## ABOUT THIS EXERCISE
Among the lines of the listing below, retype exactly those from the one containing "Why Renowned Kannada" through the one containing "pazzodite6315 live cam on Cam4", both included. Do not include pictures.

### PROVIDED ENTRIES ###

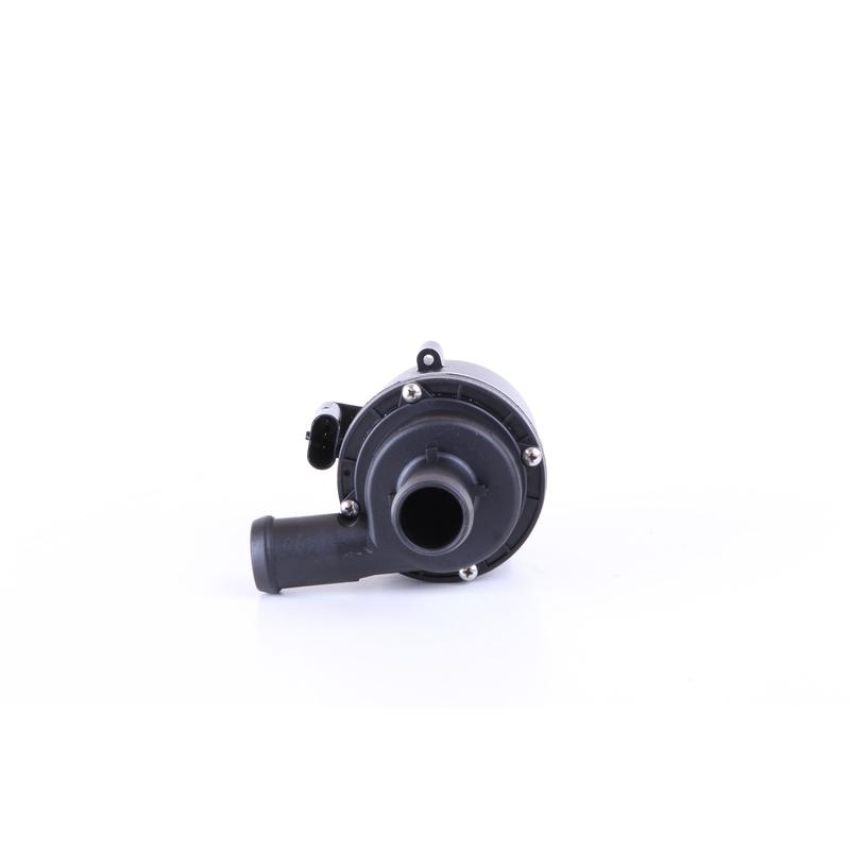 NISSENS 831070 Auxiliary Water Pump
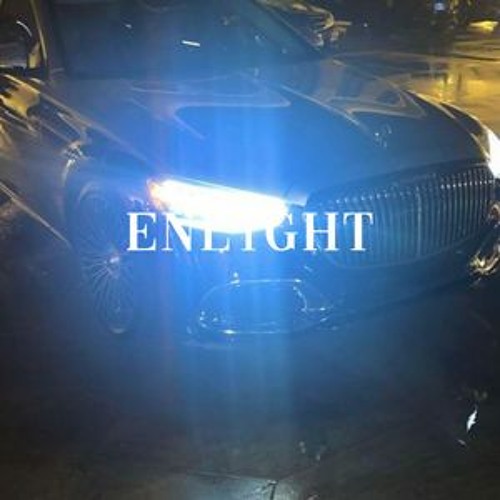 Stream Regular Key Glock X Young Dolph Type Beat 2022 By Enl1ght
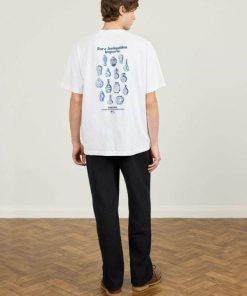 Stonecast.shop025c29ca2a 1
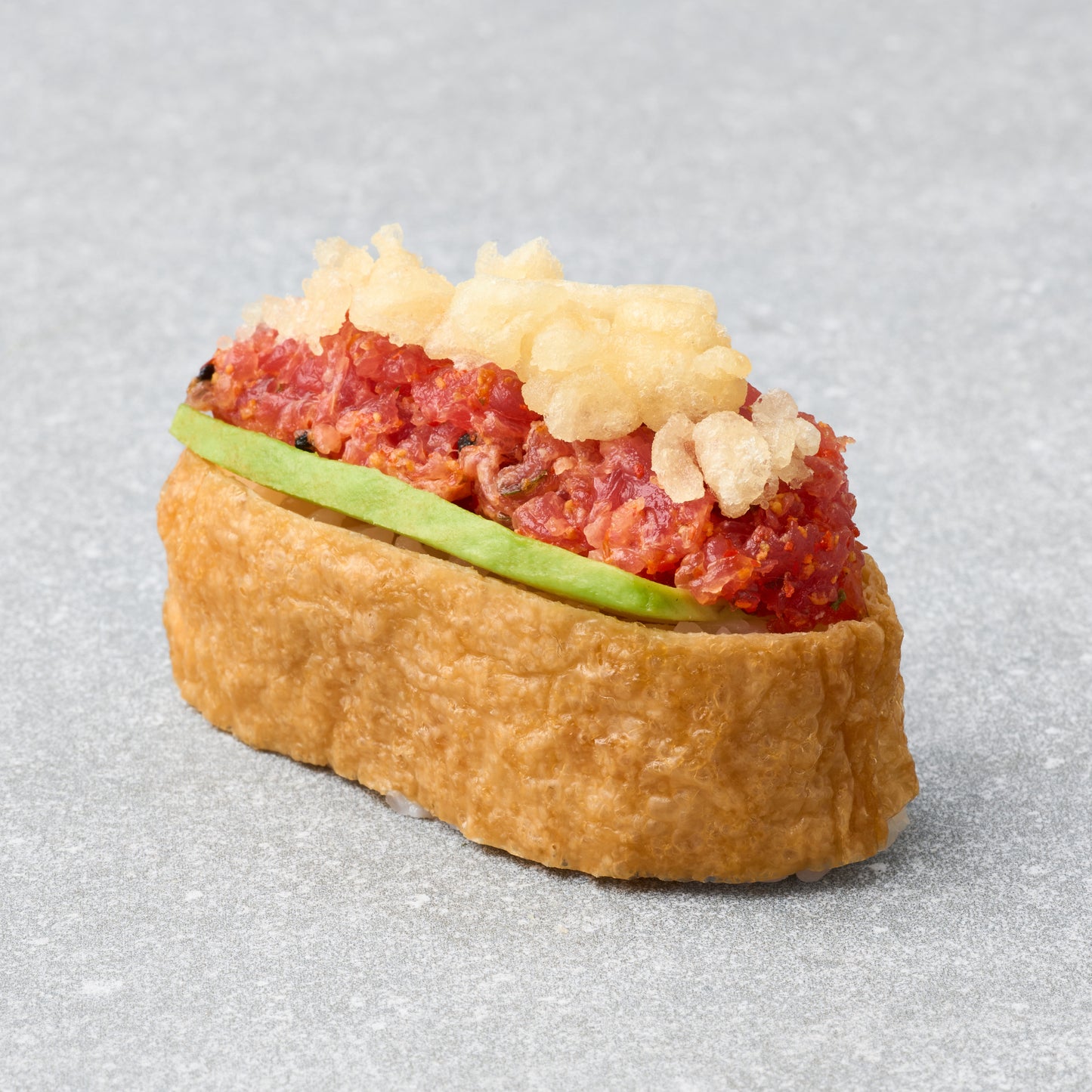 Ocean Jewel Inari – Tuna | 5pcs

###
### PROVIDED ENTRIES ###

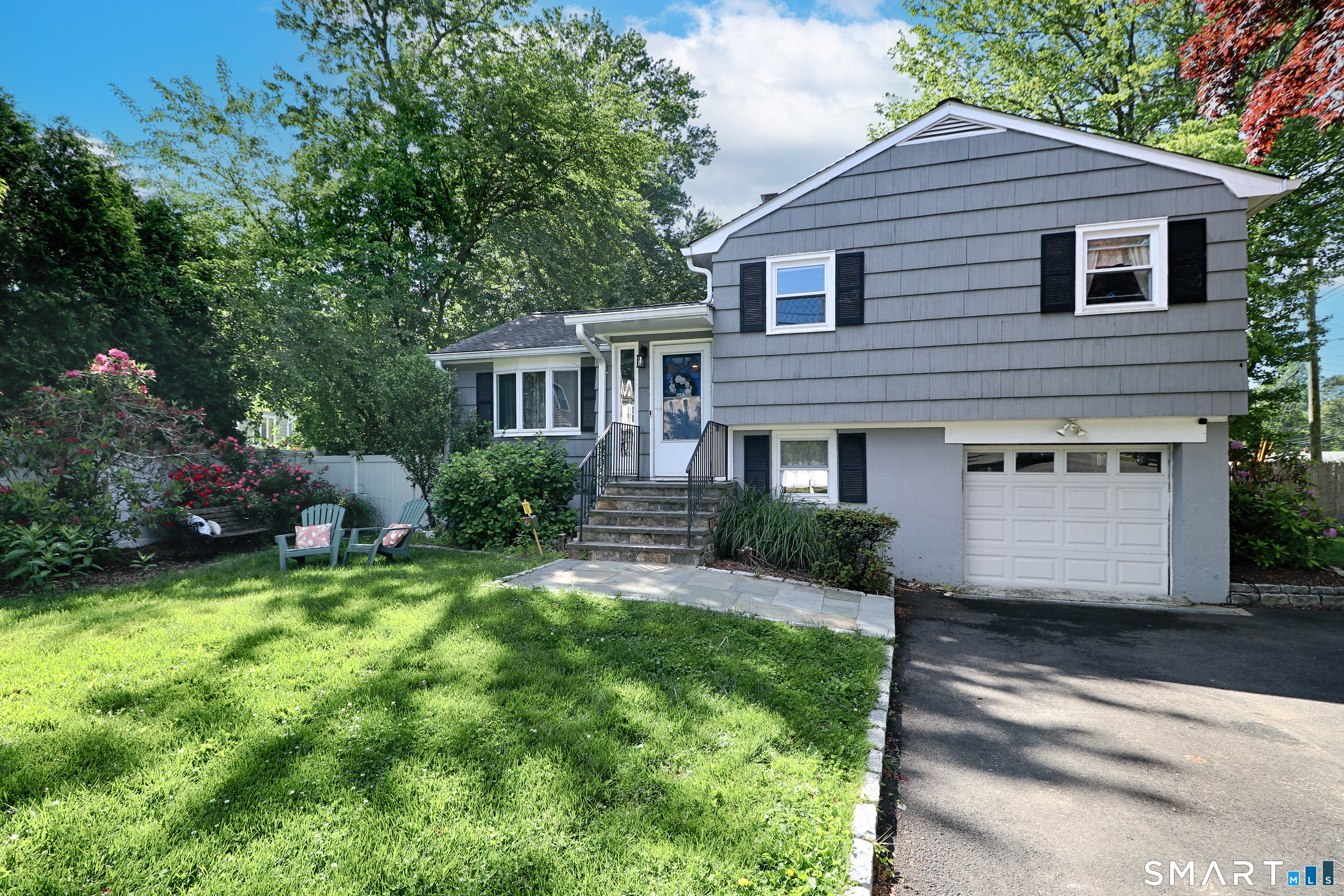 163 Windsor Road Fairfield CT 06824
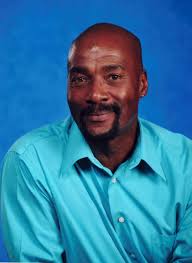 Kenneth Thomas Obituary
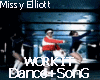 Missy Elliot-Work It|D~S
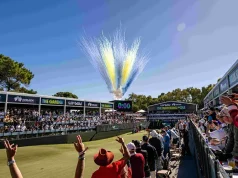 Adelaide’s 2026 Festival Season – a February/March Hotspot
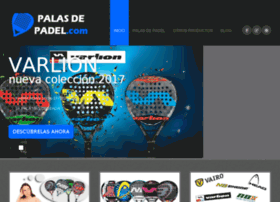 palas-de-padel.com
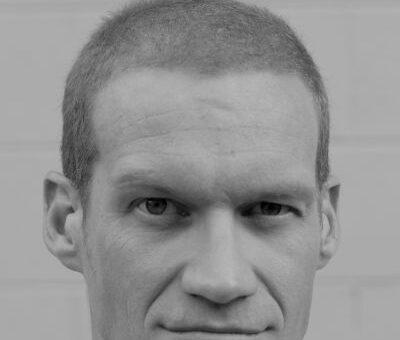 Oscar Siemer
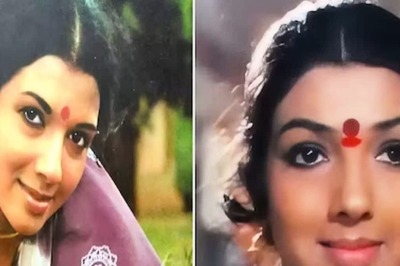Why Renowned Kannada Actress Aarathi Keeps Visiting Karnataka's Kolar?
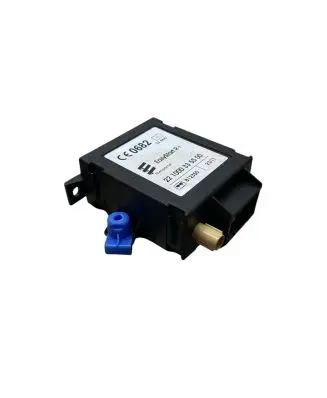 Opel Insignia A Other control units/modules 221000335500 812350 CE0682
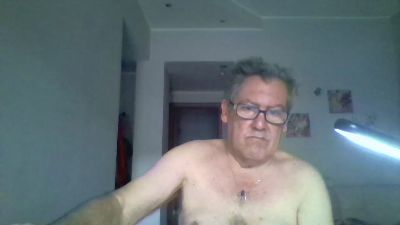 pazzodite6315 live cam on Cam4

###
### PROVIDED ENTRIES ###

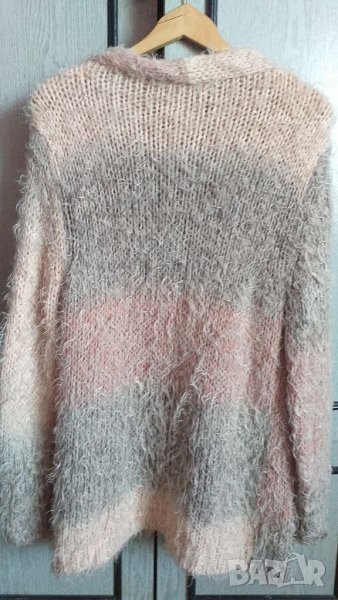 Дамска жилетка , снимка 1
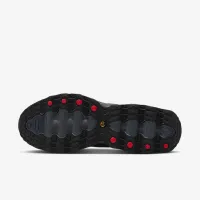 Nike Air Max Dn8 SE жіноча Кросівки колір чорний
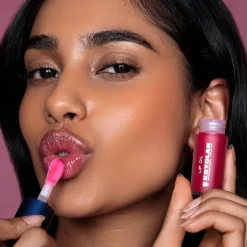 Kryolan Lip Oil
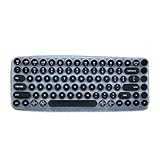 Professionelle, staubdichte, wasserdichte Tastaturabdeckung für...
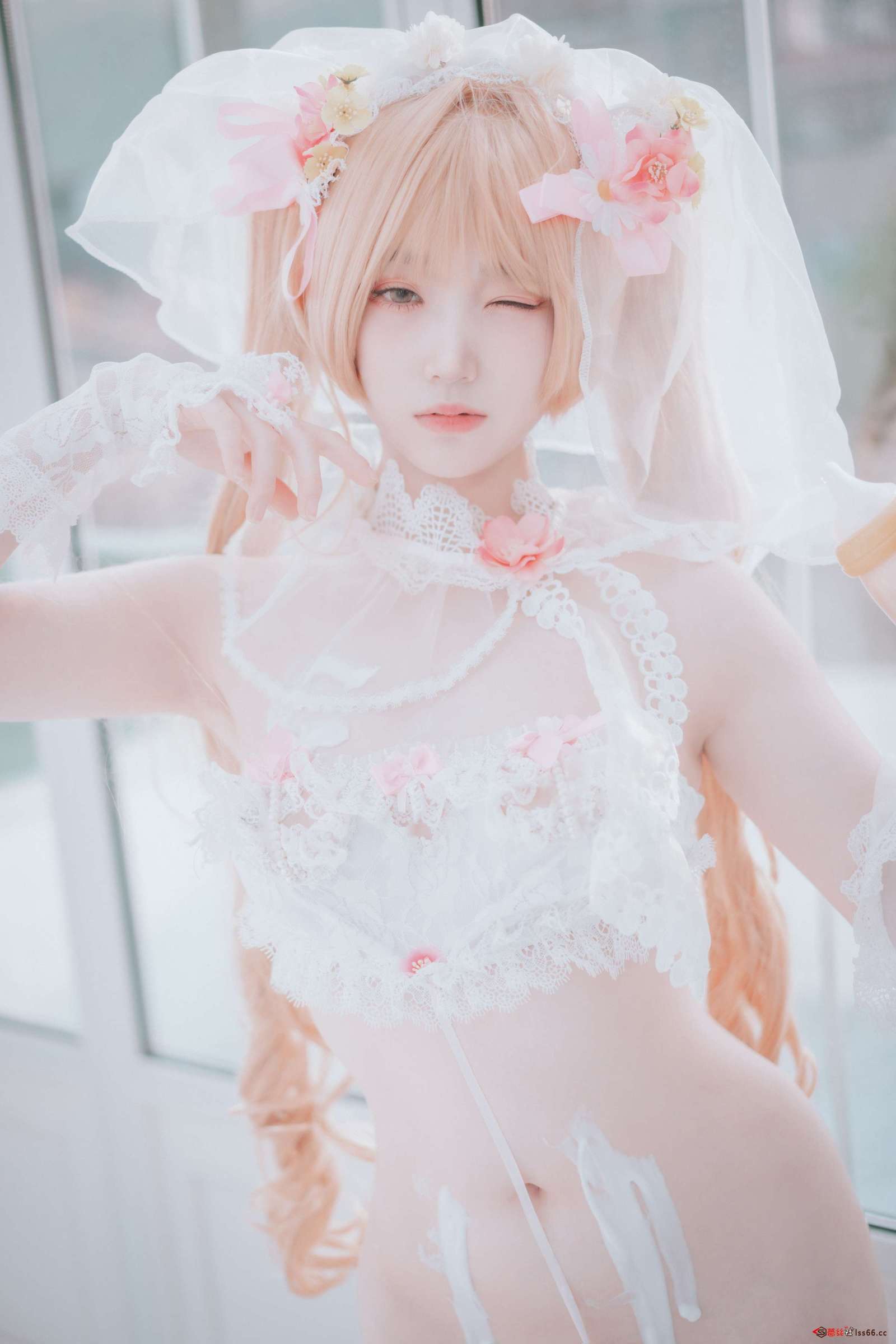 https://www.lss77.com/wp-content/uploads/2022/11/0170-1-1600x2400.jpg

###

## RESPONSE AREA
Why Renowned Kannada Actress Aarathi Keeps Visiting Karnataka's Kolar?
 Opel Insignia A Other control units/modules 221000335500 812350 CE0682
 pazzodite6315 live cam on Cam4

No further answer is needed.